The MTA published an explanation and apology for September 2nd's commuting mess. The letter is little more than a weak attempt at damage control, and it got me thinking that the people who run the Long Island Rail Road's public communications should take a walk down the yellow brick road, see the wizard, and inquire about some extra brain power.

I often defend the LIRR when stuff happens, because hey, stuff happens. But in this case, the problem was exacerbated by poor communication, and that's one thing over which they had control.

Knowing that service improvements are as likely as getting a decent bagel outside New York, I'll quell my frustration by picking this press release apart.

Let's kick this off with what's NOT stated.

Where's the mention of the initial blaming of Amtrak? The first few service disruption emails I received laid the blame squarely on Amtrak. LIRR brass then backed off that position and reluctantly took ownership. With no one else to blame, and egg all over their face, they couldn't do much more than offer a "mea culpa" apology, which brings us to the next point.

My inbox on Wednesday
A heartfelt apology. To paraphrase, the letter says, "We apologize for the difficulty. We regret that we could not estimate when the signal power problem would be resolved. The intermittent nature of the power loss prevented us from making such calculations." Then why didn't they say exactly that when it was happening? How about addressing the issue of having communicated unrealistic arrival timeframes? Knowing that the service was in bad shape, why didn't they let people know so they could make alternate work arrangements?
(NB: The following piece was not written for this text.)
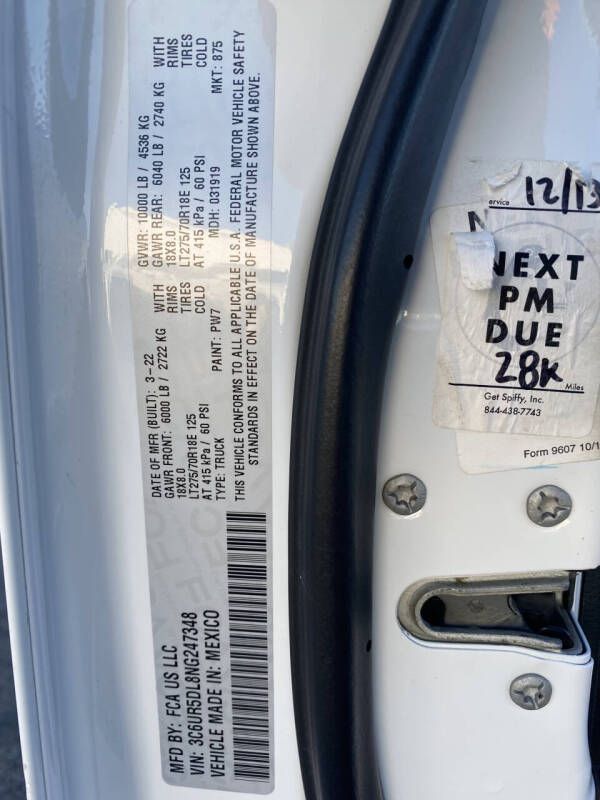 2022 RAM 2500 Big Horn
Sorry, but the apology is not worth much. Perhaps they might offer some financial remuneration?

Keep reading. Forget you even read that.

We are conducting a thorough internal review... Please, spare us the baloney. What difference does this make to the commuter? Should we assume performance improvements or hardened infrastructure? Don't get your hopes up. 

Sign up for the LIRR's Customer E-Alert/Text Message service.  If you read the most recent TTIV story, you may remember that this service was a major part of the problem. Don't send quantity, send quality. When the LIRR communication team sends 75 vague and conflicting messages, it does not constitute communication.

The apology letter goes on to talk about following LIRR on Twitter. I have a suggestion for the LIRR's social media presence. Instead of tweeting useless service alerts, they should share Dos Equis Guy memes and funny cat videos. It works for George Takei, so why not the LIRR? It might be a good way to repair their image. Hey, it isn't as though the Twitter account provides any useful information anyway, right?

Happy and safe commuting, and may you encounter uncommon sense.